I sanitize my bottles in a 350 degree oven for 1 hr. These were bottled maybe two weeks ago, stored in a rather dark area of my apartment that tends to sit between 65-70 degrees.

I know there are a few common issues that could lead to a single bottle bomb in a batch: sudden spike in temp, infected bottle, uneven distribution of priming sugar.

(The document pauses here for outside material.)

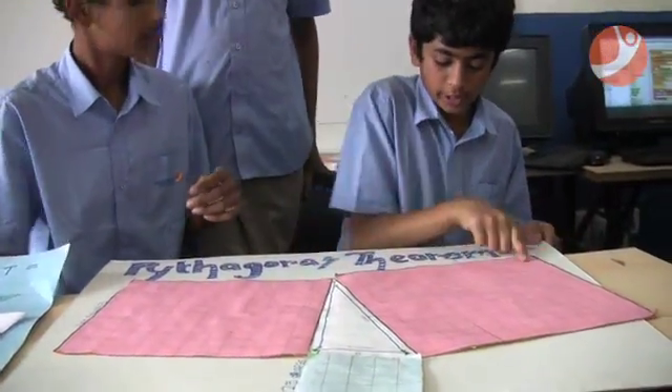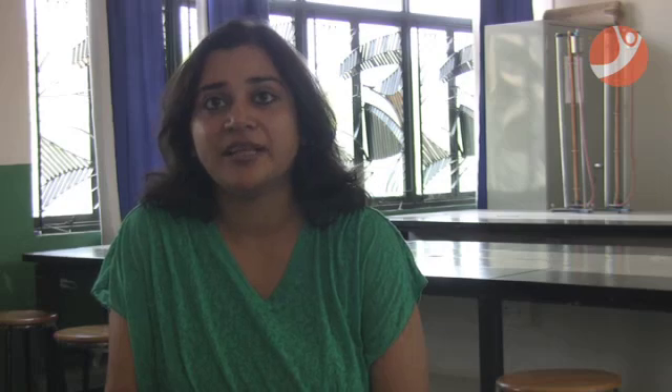A child has to go through an experience and that becomes a part of their life. Then learning doesn't remain learning — it becomes an experience. So it's important, and it's rather integral, that you include that in your teaching and somehow make it more realistic, more hands-on, and make it a part of their life. It is an experience to be had.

Looking at it carefully, the bottom came clean off, not a lot of little shards and not an exploded bottle. The little depression that my bottle capper usually leaves in a cap is still there (I don't know if this means anything but I would assume if the pressure was too much this would have popped up first). Based on this I am assuming that none of the common issues listed above were the reason and nothing I've read has lead me to believe that shaking the bottles on the ride in would cause them to explode. I am assuming that this was a bad bottle either thin or damaged somewhere along the line and it just broke when I put it in the drawer (it sounded like I hit the side of the drawer but that could have just been the bottom popping off).

Does this sound fair or is there something else I should be concerned about, and can agitating a bottle cause it to explode?
 
As alluded above, what you saw was a miniature version of a common carboy failure. Obviously, with far less potential for mayhem.

It's thermal shock in both cases: the bottom of both your bottle and the typical carboy is far thicker than the sidewalls. Applying anything other than a gentle temperature change can cause the sidewall radius to expand far faster than the bottom radius, resulting in micro-fractures that accumulate...

Cheers!

[edit] It works in both directions, of course, so even if you crept up the temperature scale in the oven, you'd also need a very slow cool-down...
 
okay, got it

but just to confirm, because I ride a bike everywhere, the agitation of the bottles from riding wouldn't be the cause, right? It wasn't a bottle that exploded from pressure, just broke.
 
I do that as a party trick sometimes. Fill a bottle half full (Half empty for you pessimists). Hold the neck flush with the top of your fist. Palm smack the top of the bottle. Results are just like as you described.
 
okay, got it

but just to confirm, because I ride a bike everywhere, the agitation of the bottles from riding wouldn't be the cause, right? It wasn't a bottle that exploded from pressure, just broke.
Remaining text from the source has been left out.